# Requirement:
Each record is to be printed again exactly, though not its pictures.

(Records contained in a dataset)
----------------
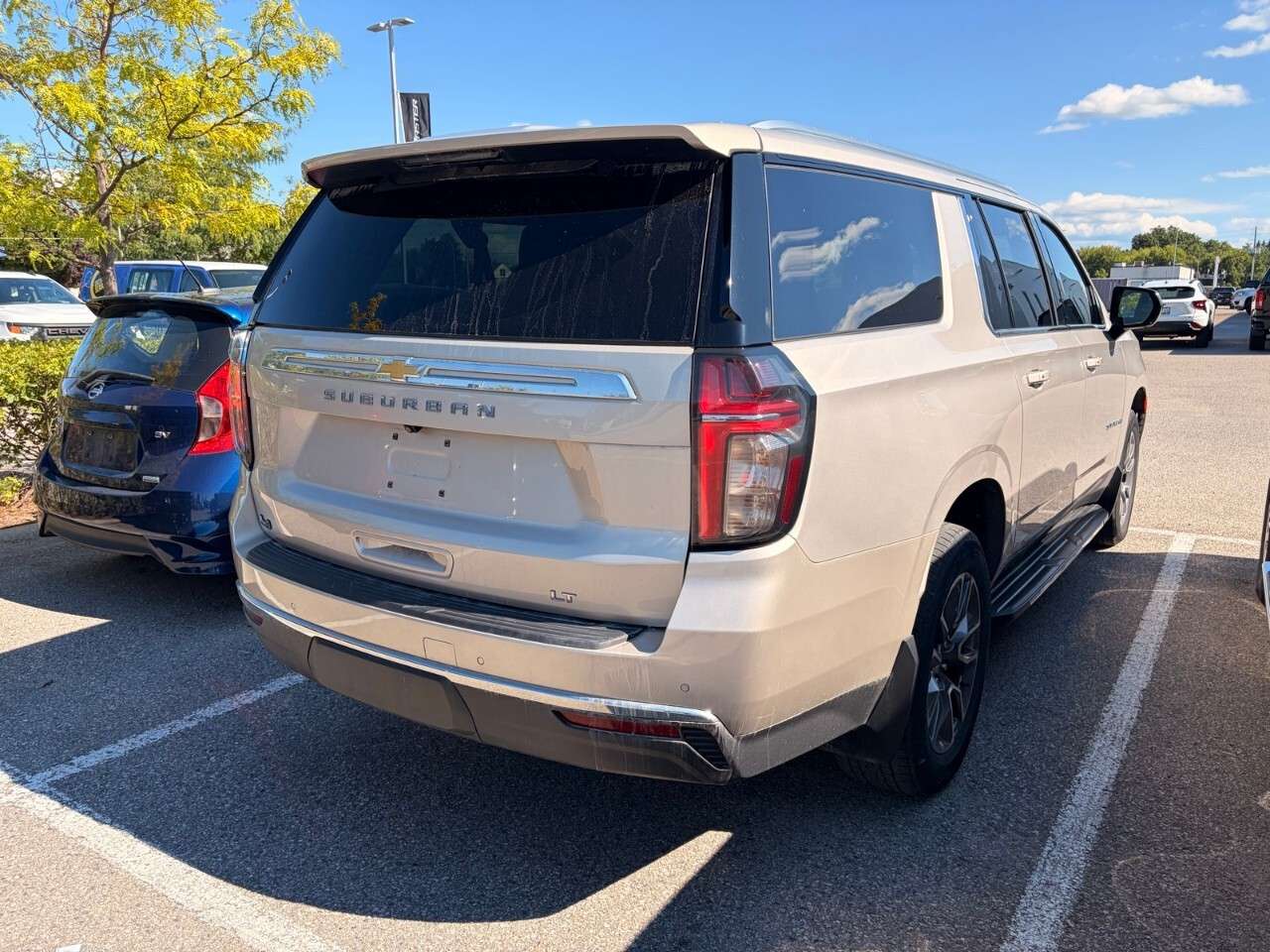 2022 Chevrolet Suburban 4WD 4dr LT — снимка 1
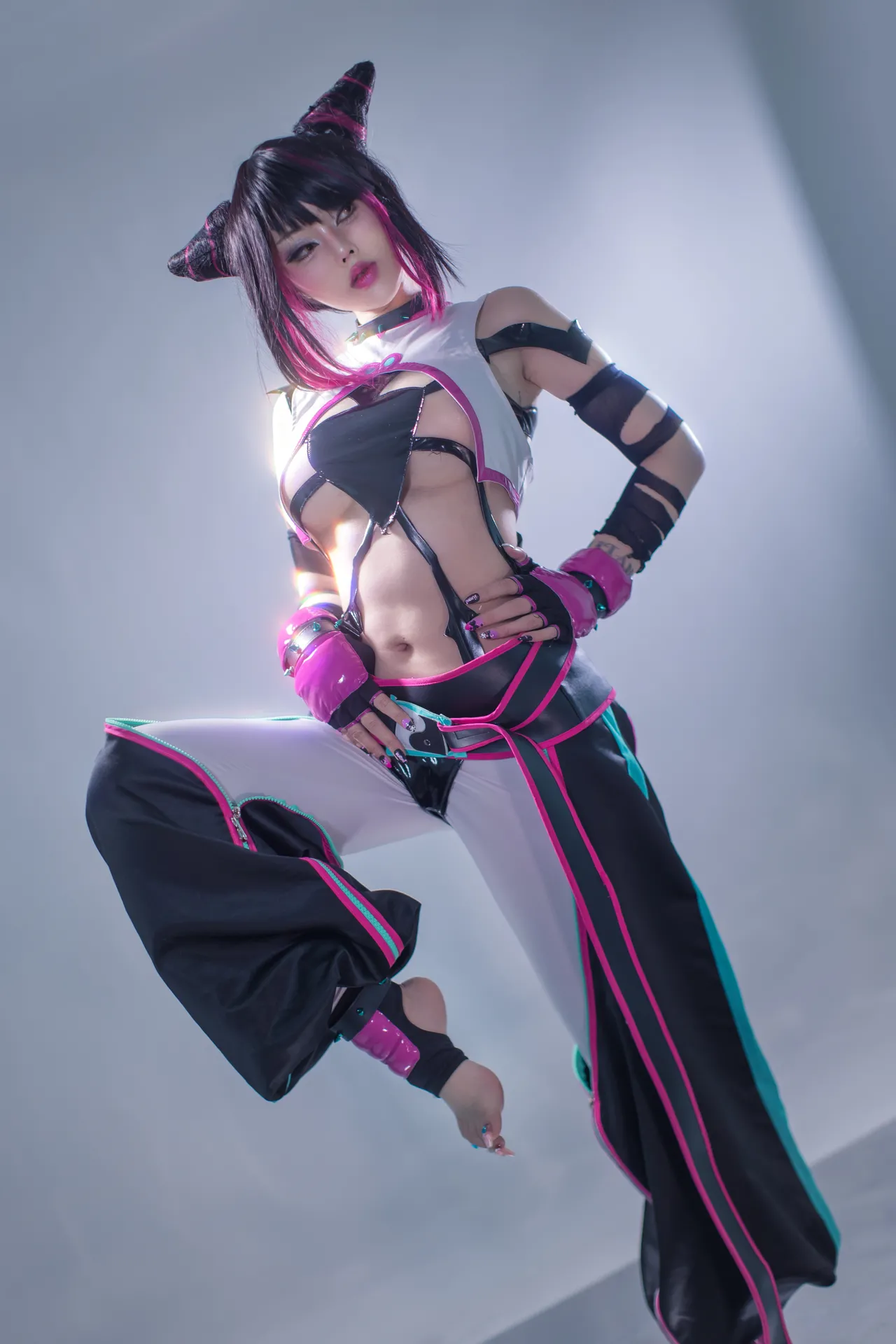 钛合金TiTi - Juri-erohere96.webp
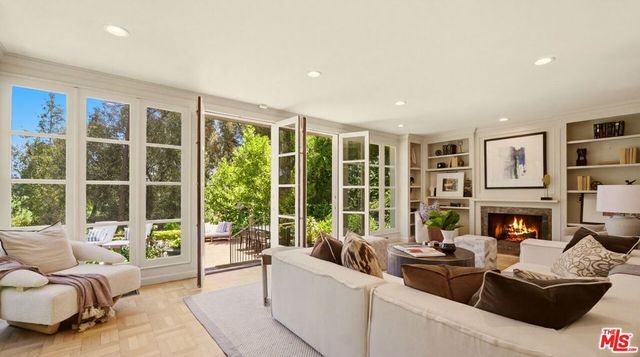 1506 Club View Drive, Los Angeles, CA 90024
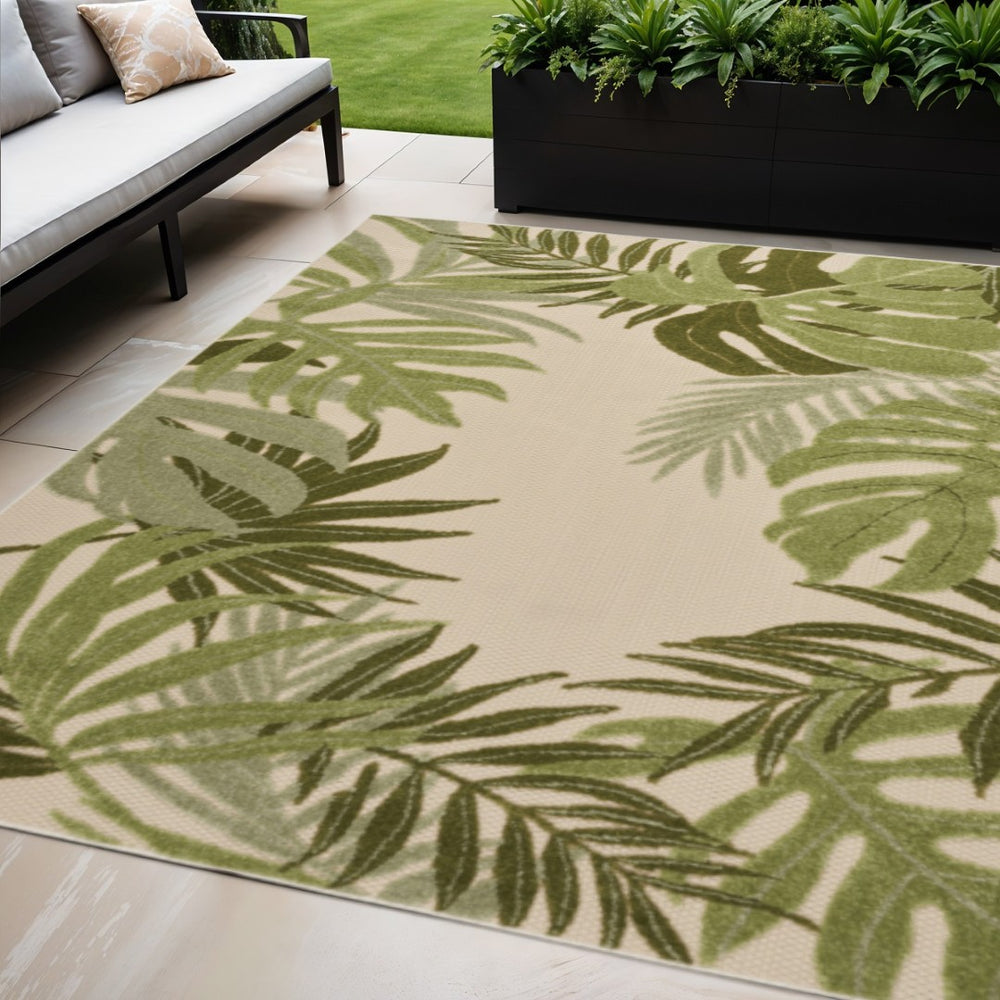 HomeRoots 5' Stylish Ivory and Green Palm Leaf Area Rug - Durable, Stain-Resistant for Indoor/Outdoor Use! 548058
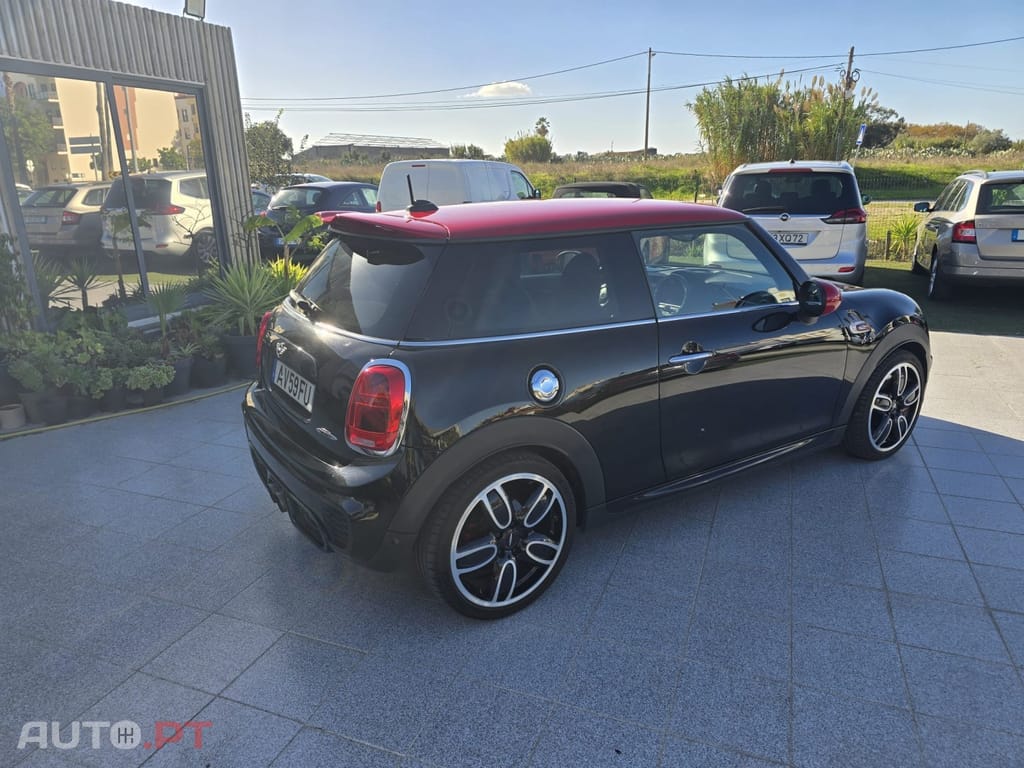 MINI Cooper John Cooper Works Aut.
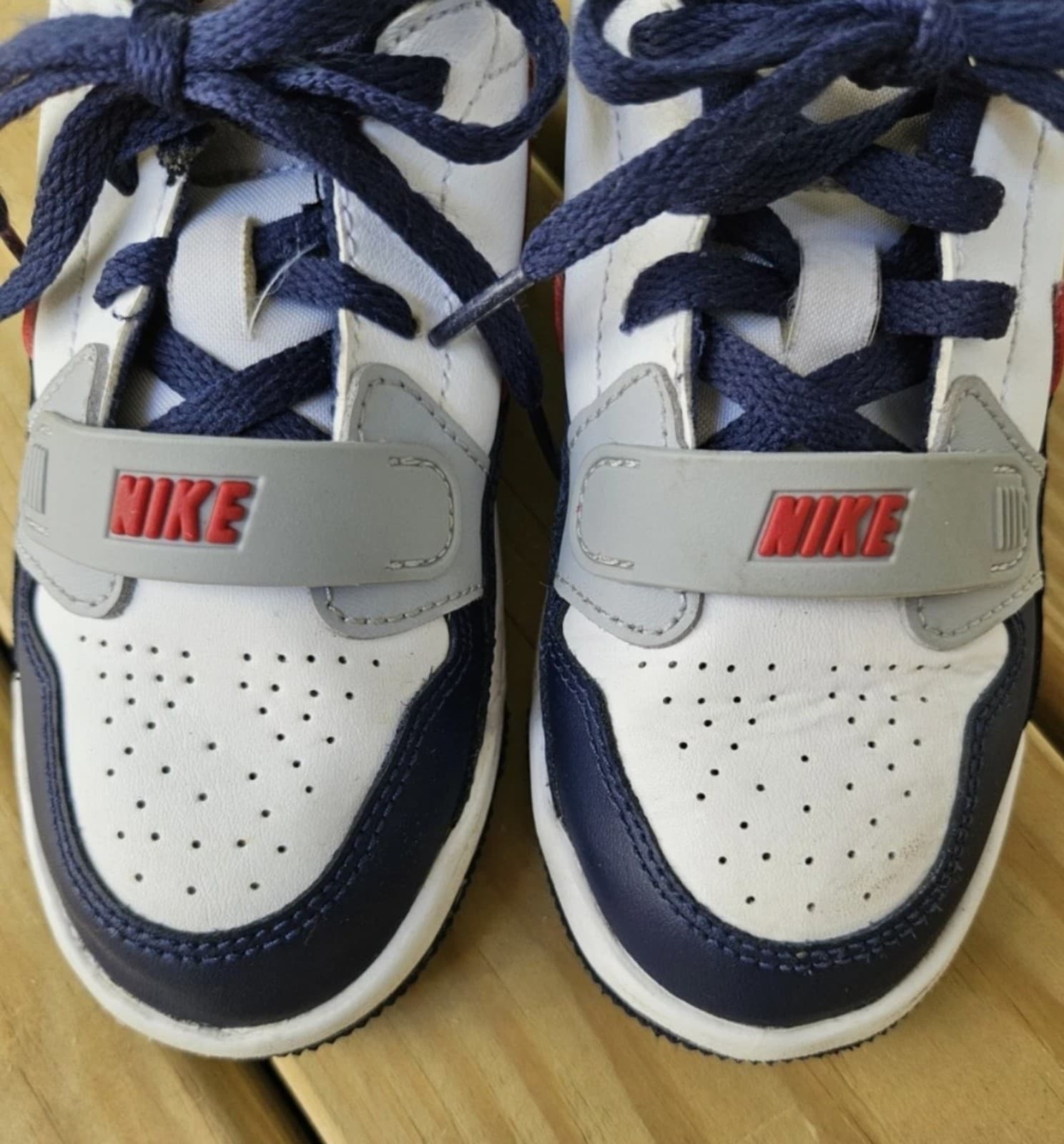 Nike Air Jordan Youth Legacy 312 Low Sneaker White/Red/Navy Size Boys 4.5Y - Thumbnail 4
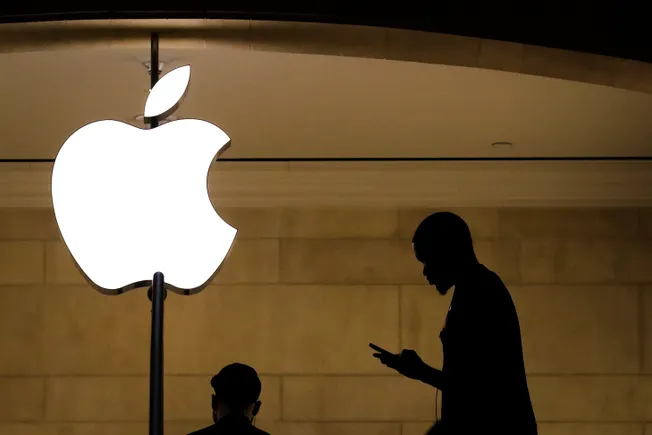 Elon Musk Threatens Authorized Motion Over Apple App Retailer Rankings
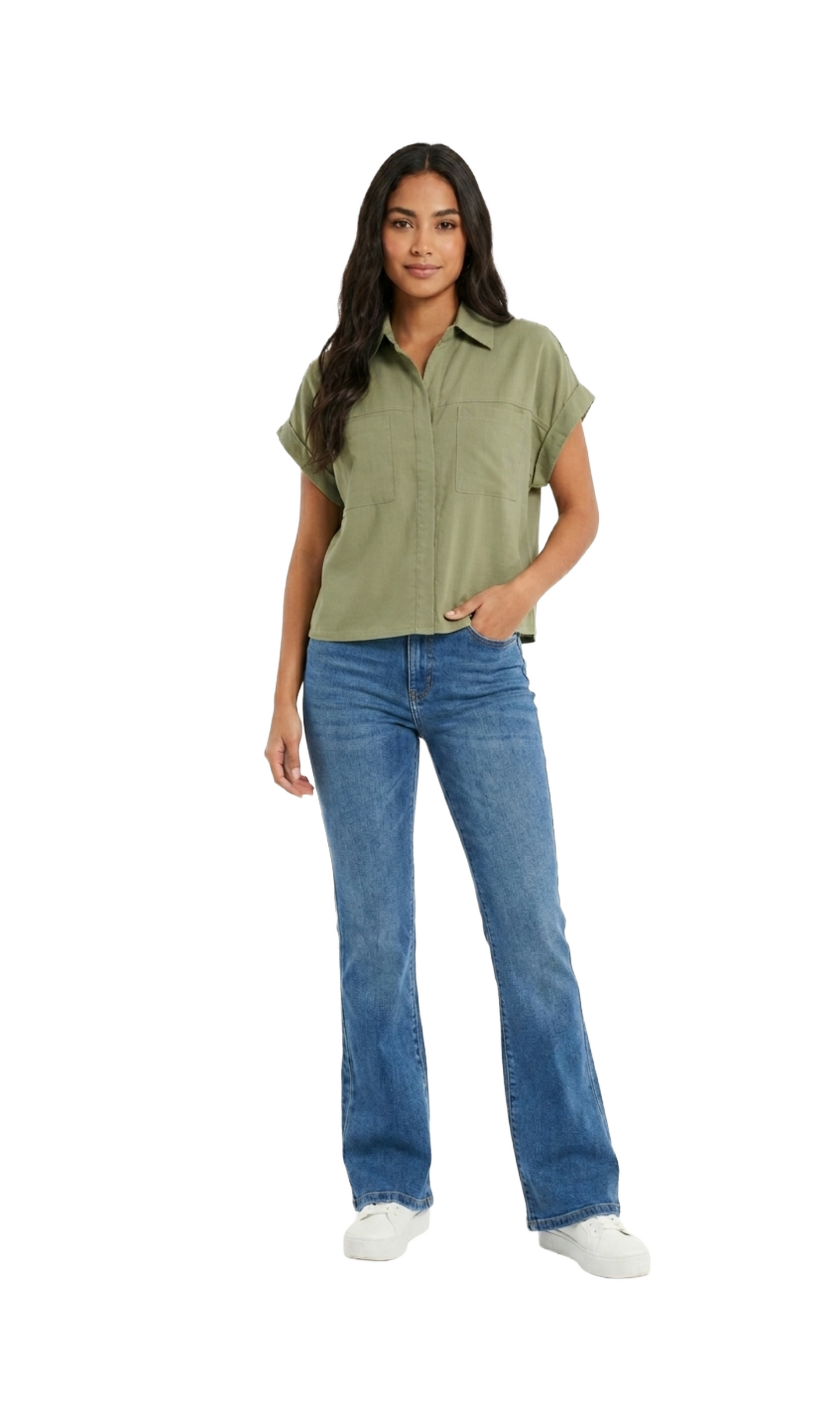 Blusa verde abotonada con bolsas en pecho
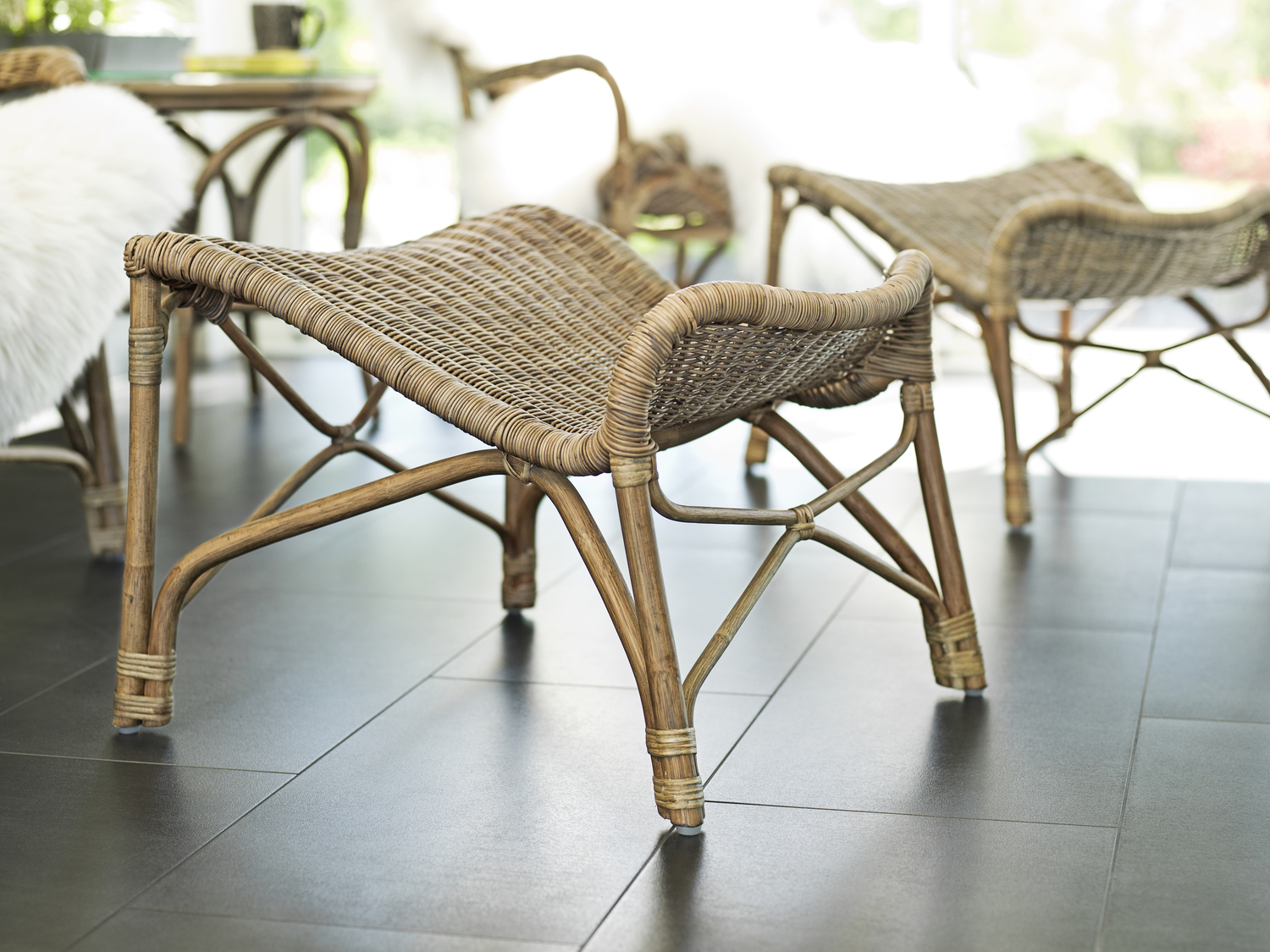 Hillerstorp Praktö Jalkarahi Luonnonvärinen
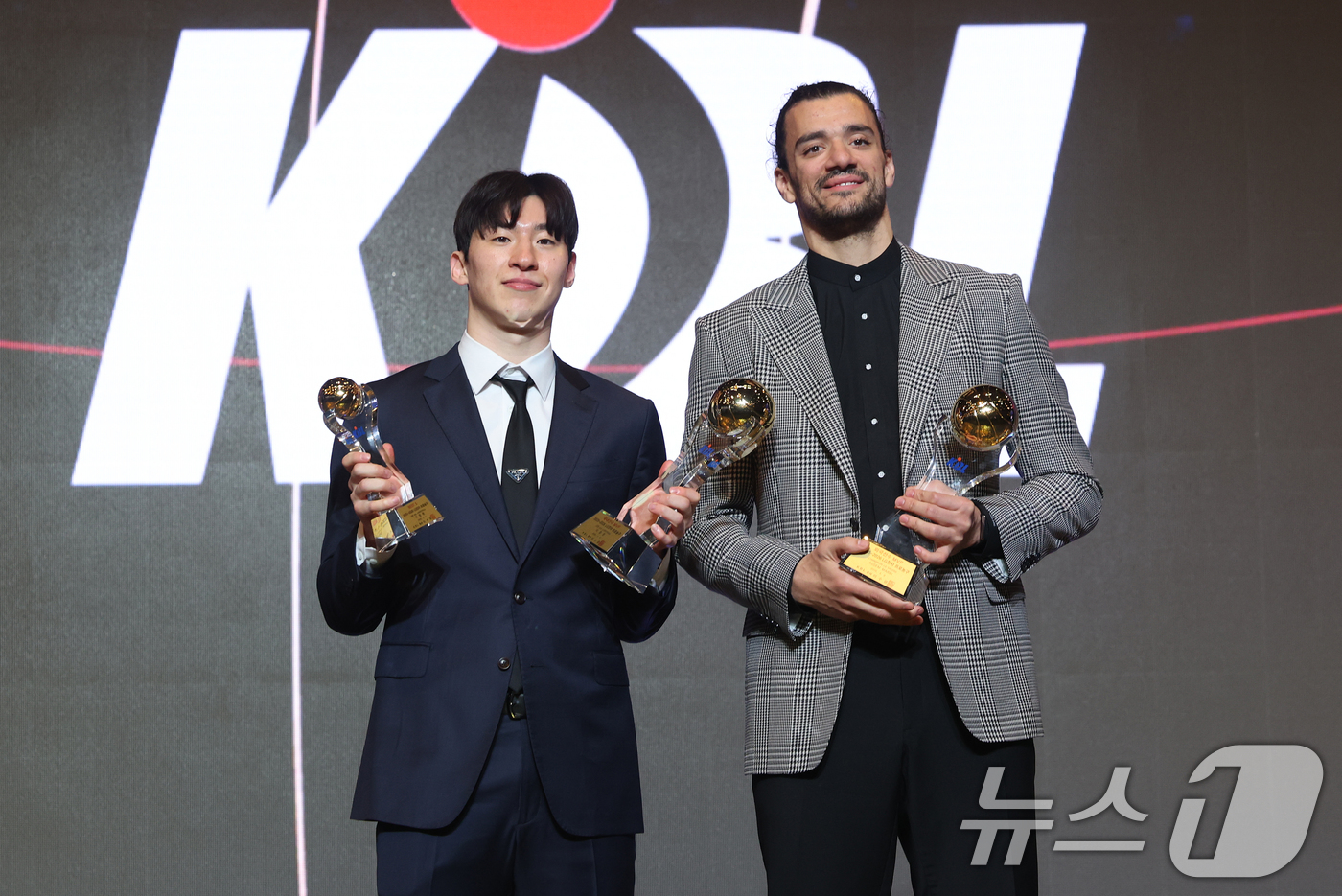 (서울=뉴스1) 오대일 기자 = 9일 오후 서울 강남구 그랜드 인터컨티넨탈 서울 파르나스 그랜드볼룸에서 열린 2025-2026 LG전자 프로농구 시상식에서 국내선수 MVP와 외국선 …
----------------
# Output:
 2022 Chevrolet Suburban 4WD 4dr LT — снимка 1
 钛合金TiTi - Juri-erohere96.webp
 1506 Club View Drive, Los Angeles, CA 90024
 HomeRoots 5' Stylish Ivory and Green Palm Leaf Area Rug - Durable, Stain-Resistant for Indoor/Outdoor Use! 548058
 MINI Cooper John Cooper Works Aut.
 Nike Air Jordan Youth Legacy 312 Low Sneaker White/Red/Navy Size Boys 4.5Y - Thumbnail 4
 Elon Musk Threatens Authorized Motion Over Apple App Retailer Rankings
 Blusa verde abotonada con bolsas en pecho
 Hillerstorp Praktö Jalkarahi Luonnonvärinen
 (서울=뉴스1) 오대일 기자 = 9일 오후 서울 강남구 그랜드 인터컨티넨탈 서울 파르나스 그랜드볼룸에서 열린 2025-2026 LG전자 프로농구 시상식에서 국내선수 MVP와 외국선 …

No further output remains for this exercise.